William Anker, an International Booker nominee, appears to have taken some swathes of his book out of Cormac McCarthy’s Blood Meridian (which I am still scarred by). Is it appropriation or plagiarism? Might come down to attribution.

Take the following passage, in which Buys leads his gang of outlaws into an attack “like a horde from Hell more abhorrent even than the fire and brimstone land of Christian Reckoning, skirling and shrieking, clothed in smoke like those phantoms in regions beyond certainty and sense where the eye wanders and the lip shudders and drools.”

Here: McCarthy, on a similar approach from a Comanche ambush: “Like a horde from a hell more horrible yet than the brimstone land of Christian reckoning, screeching and yammering and clothed in smoke like those vaporous beings in regions beyond right knowing where the eye wanders and the lip jerks and drools.”

To discuss the concept of plagiarism in art is to grasp for something very slippery. Most crucially, it should be noted that a wide range of intertextual manoeuvres are fundamental to creativity. Mark Twain famously wrote to Helen Keller – who stood accused of plagiarising a short story – that “substantially all ideas are secondhand”. Curiously, the application of these tactics to prose literature is frequently deemed worse than when applied to poetry, music or the visual arts. Literary genius is oddly considered sui generis. In answer, we can take Jonathan Lethem’s marvellous essay The Ecstasy of Influence, which deconstructs ideas about originality by forging an argument made almost entirely from fragments, taking to the very limit a line from Montaigne’s essays: “I have gathered a posy of other men’s flowers, and nothing but the thread that binds them is mine own.”

One thought on “Appropriation or plagiarism?

  1. All fiction is a conversation with past stories, all of it, and I often find myself (this week, even) doing very nerdy things, like story-mapping a 200-page novella to see exactly where the beats and highs and lows fell, to figure out that trick– but on the other hand, if you can match a paragraph on the word-to-word level, I think you’ve moved past conversing or even engaged discussion, no? This sample feels egregious to me. And lazy.

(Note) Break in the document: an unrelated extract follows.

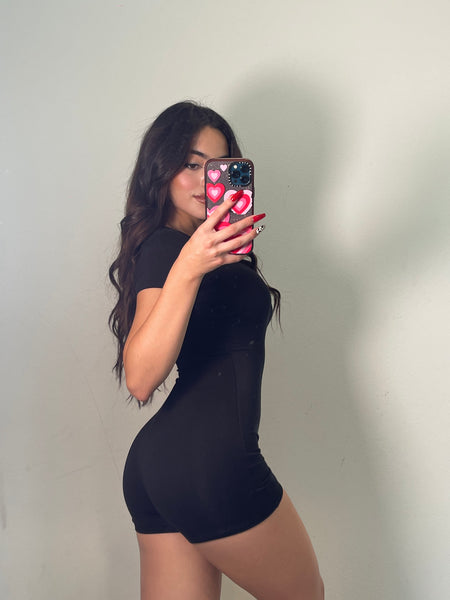 Bitzy jumpsuit (black )2233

    But also, in this case, complex: where an author and translator are working together toward this English version that mimics McCarthy; where McCarthy is attributed in the English version of the book, but not the original Afrikaans; where McCarthy has not been translated into that language himself. Unless I read Afrikaans, how can I know for sure where the line fell? I think this case is rendered far murkier by the translation aspect. I don’t think translators can be removed from this discussion.